> _The problem_
Pictures in the material below are to be left out, and only the lines from the line with "You can pick" up to and including the line with "Number two is" are to be written out exactly.

> _Available records_
______

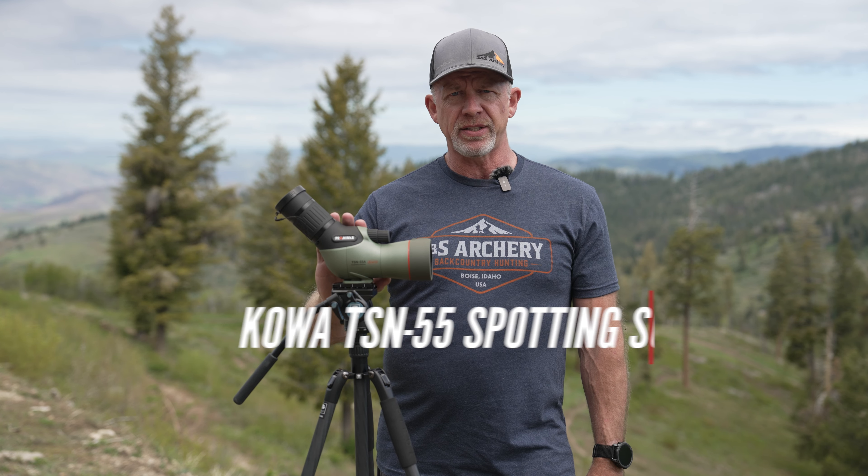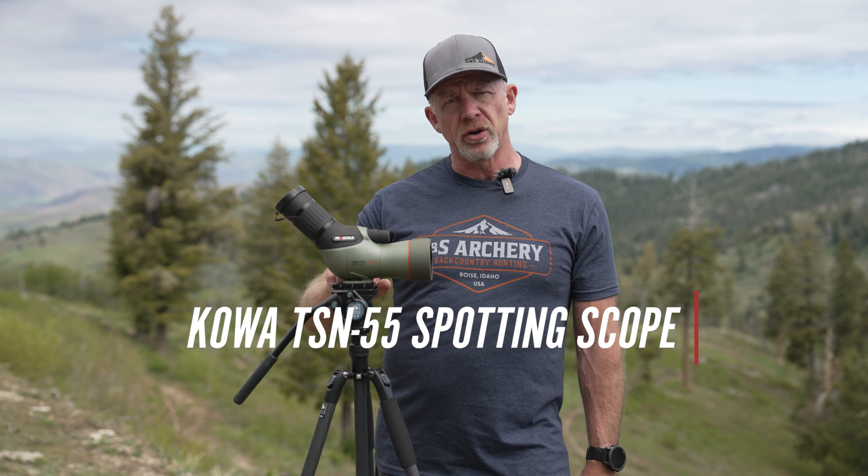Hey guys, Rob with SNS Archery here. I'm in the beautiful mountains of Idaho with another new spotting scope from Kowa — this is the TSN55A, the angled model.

______

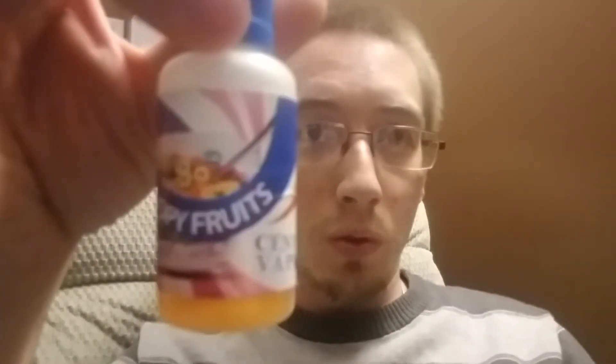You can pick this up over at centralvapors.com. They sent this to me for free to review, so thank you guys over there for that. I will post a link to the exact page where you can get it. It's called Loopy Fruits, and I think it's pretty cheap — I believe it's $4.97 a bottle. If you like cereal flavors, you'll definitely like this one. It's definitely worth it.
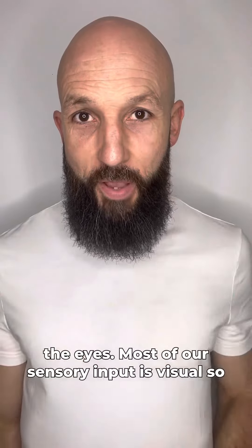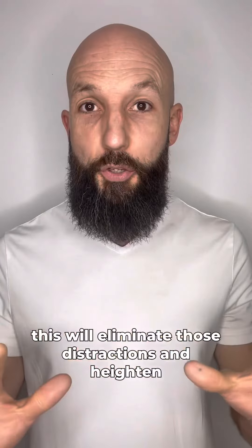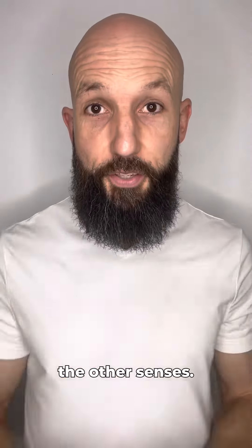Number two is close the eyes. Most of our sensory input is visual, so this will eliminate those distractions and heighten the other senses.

______

> _Exercise answer_
You can pick this up over at centralvapors.com. They sent this to me for free to review, so thank you guys over there for that. I will post a link to the exact page where you can get it. It's called Loopy Fruits, and I think it's pretty cheap — I believe it's $4.97 a bottle. If you like cereal flavors, you'll definitely like this one. It's definitely worth it.
Number two is close the eyes. Most of our sensory input is visual, so this will eliminate those distractions and heighten the other senses.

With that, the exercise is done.